Exercise data:

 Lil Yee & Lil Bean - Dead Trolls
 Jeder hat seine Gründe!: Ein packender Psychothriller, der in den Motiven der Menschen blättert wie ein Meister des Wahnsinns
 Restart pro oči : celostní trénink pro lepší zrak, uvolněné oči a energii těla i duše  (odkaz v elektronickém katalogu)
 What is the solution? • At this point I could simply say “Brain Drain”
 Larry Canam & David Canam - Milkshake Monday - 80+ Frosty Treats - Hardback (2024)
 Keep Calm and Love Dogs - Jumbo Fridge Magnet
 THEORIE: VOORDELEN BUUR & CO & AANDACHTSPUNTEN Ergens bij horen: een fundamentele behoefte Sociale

Required work:
Copy the line containing "Larry Canam &" and every line after it, through the last line of the records. Include nothing else.

Written solution:
 Larry Canam & David Canam - Milkshake Monday - 80+ Frosty Treats - Hardback (2024)
 Keep Calm and Love Dogs - Jumbo Fridge Magnet
 THEORIE: VOORDELEN BUUR & CO & AANDACHTSPUNTEN Ergens bij horen: een fundamentele behoefte Sociale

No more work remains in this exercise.